▶ **Problem statement**
Output all of the data below without changing a word, and exclude the pictures.

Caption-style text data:
--- START ---

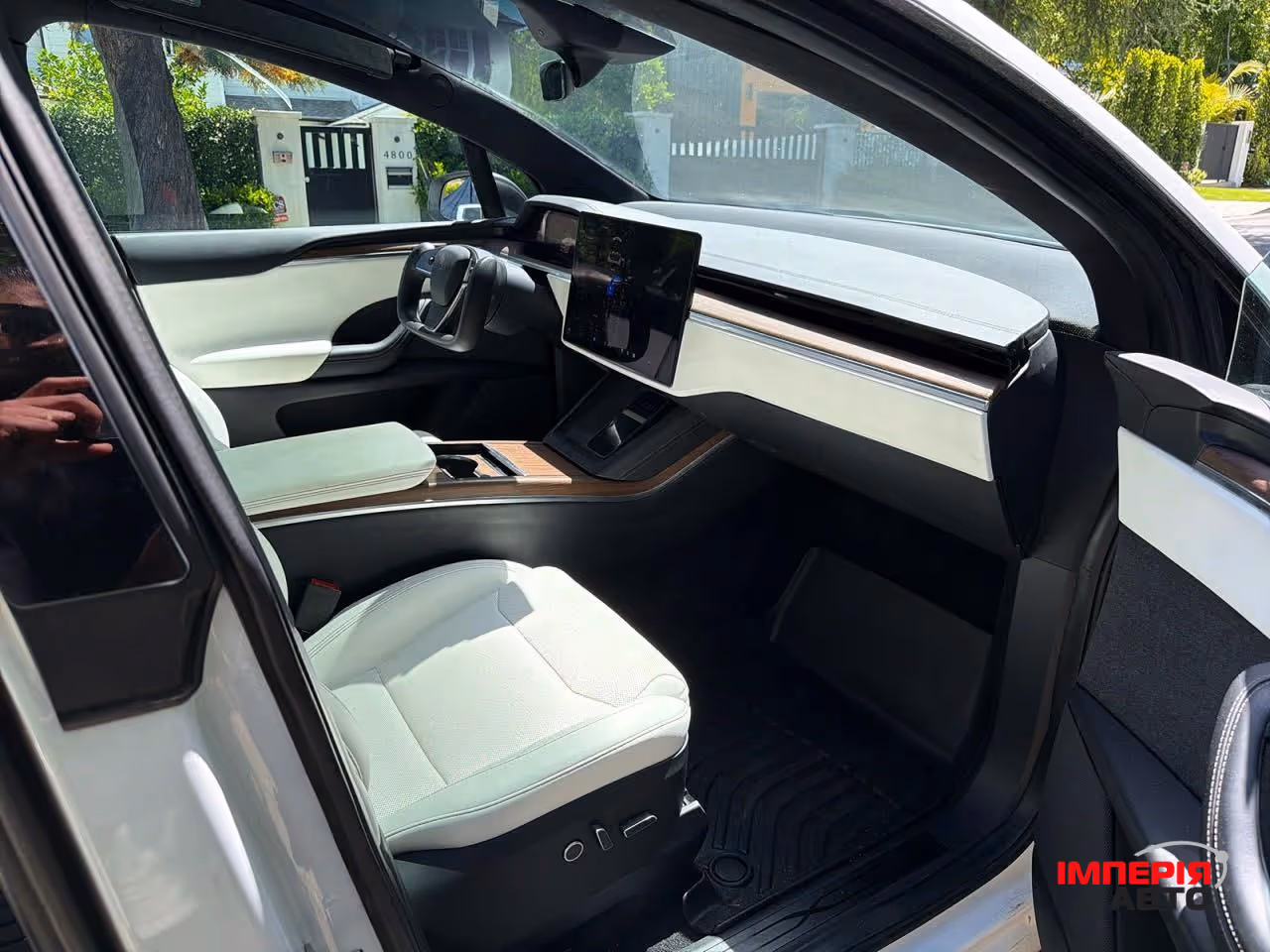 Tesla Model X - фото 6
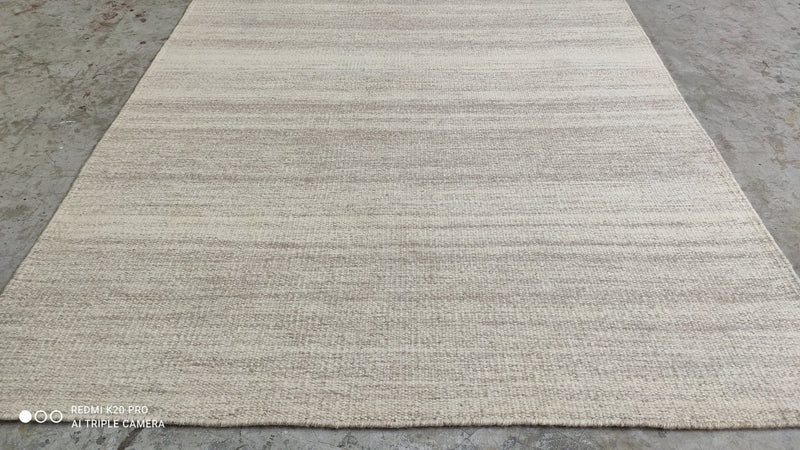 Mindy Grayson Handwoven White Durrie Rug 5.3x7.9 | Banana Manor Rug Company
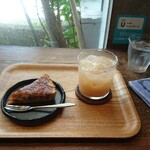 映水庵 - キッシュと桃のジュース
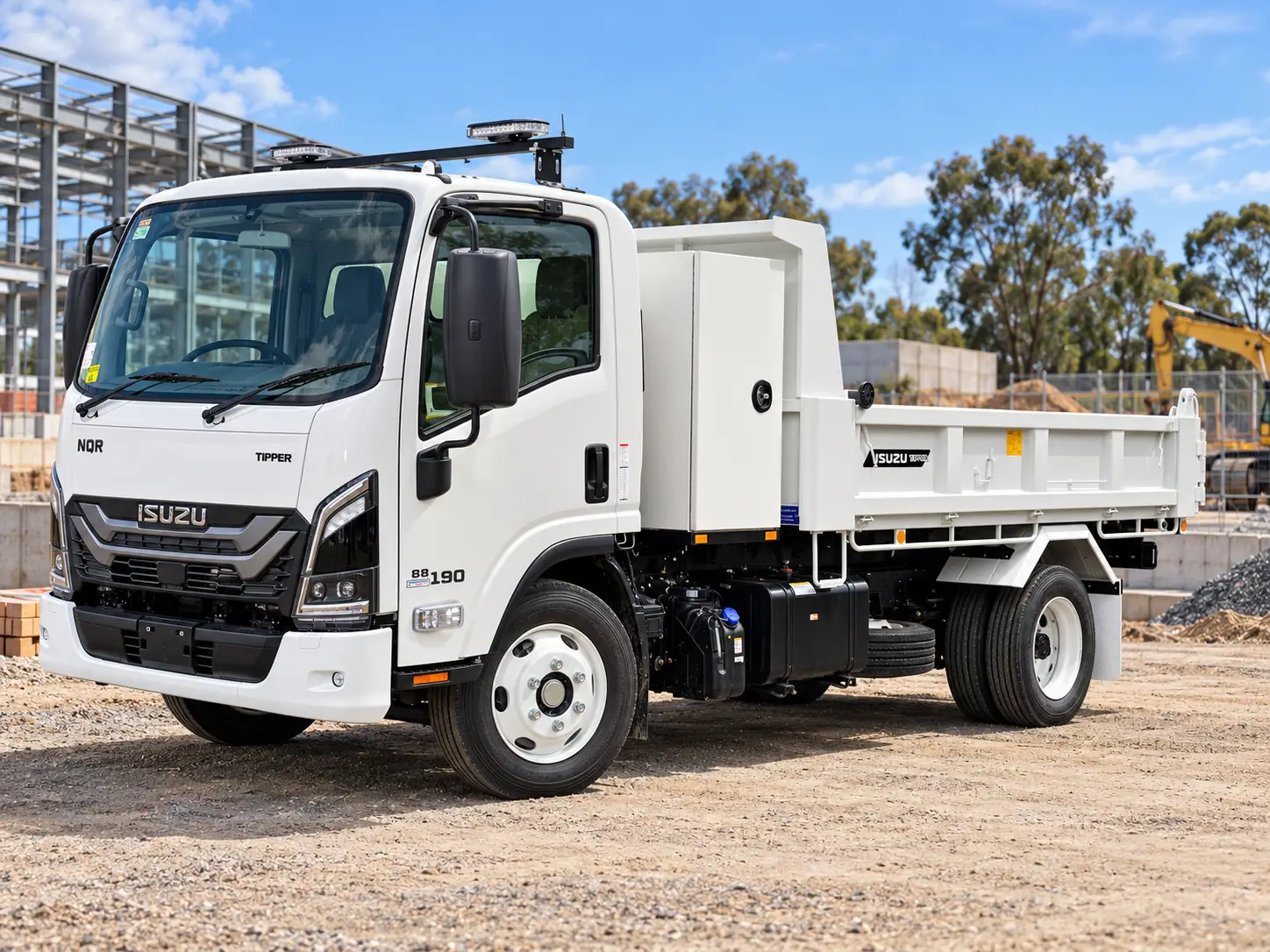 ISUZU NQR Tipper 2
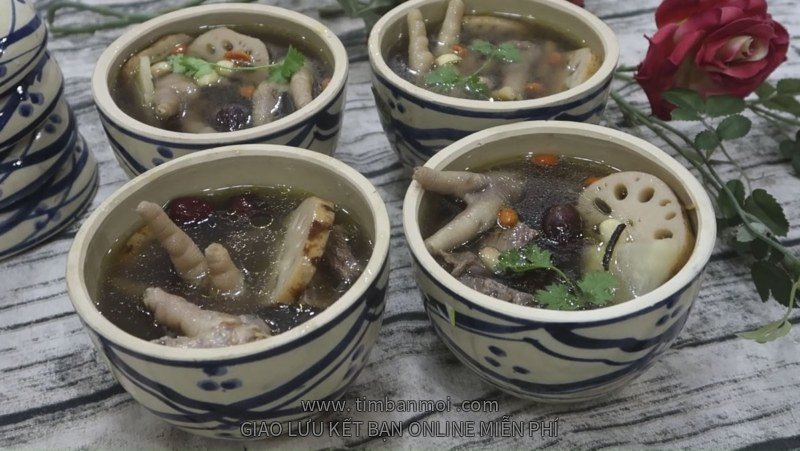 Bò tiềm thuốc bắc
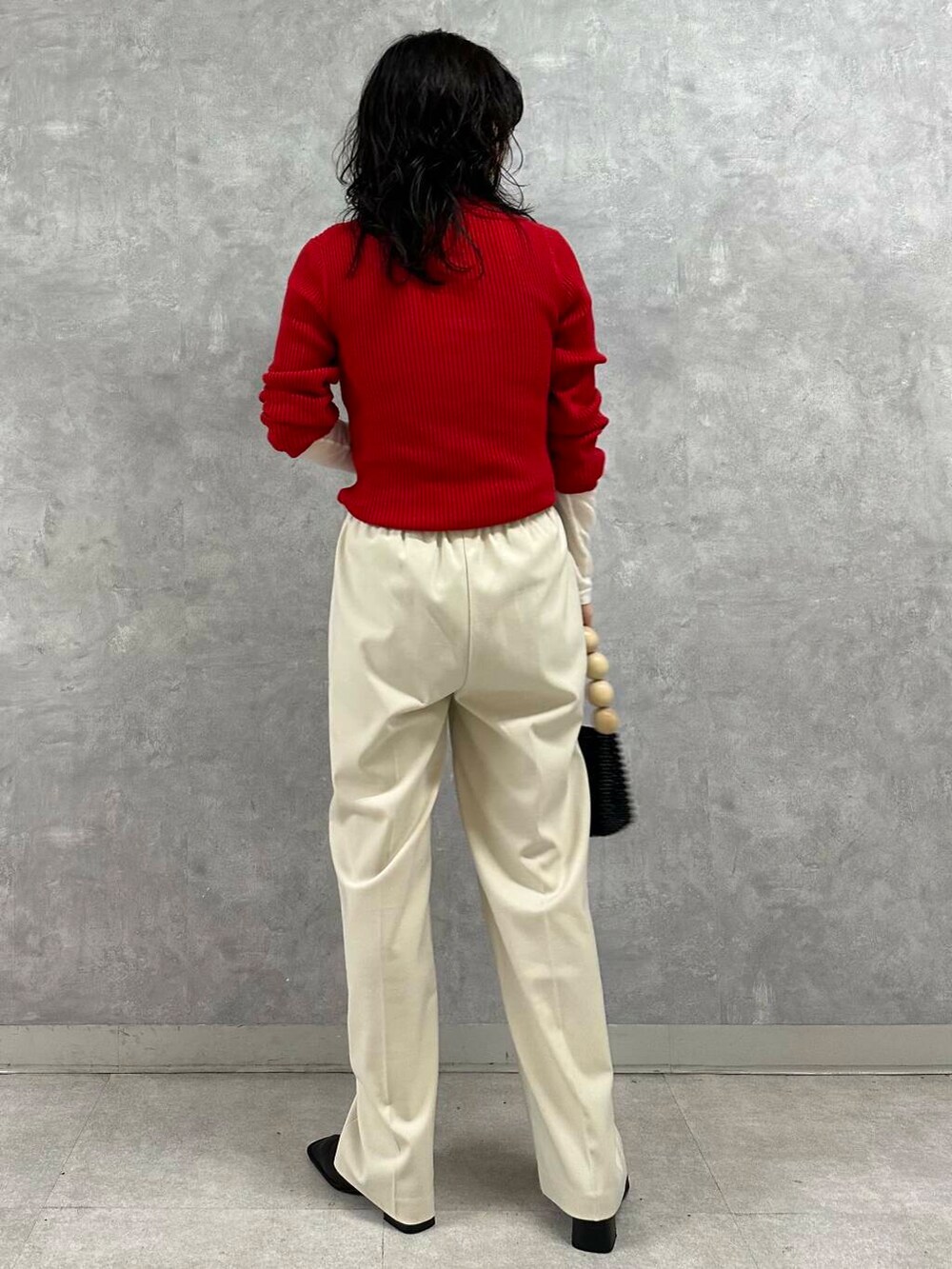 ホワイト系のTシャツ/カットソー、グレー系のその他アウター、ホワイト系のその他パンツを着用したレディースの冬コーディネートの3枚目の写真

--- END ---

▶ **Solution to the exercise**
 Tesla Model X - фото 6
 Mindy Grayson Handwoven White Durrie Rug 5.3x7.9 | Banana Manor Rug Company
 映水庵 - キッシュと桃のジュース
 ISUZU NQR Tipper 2
 Bò tiềm thuốc bắc
 ホワイト系のTシャツ/カットソー、グレー系のその他アウター、ホワイト系のその他パンツを着用したレディースの冬コーディネートの3枚目の写真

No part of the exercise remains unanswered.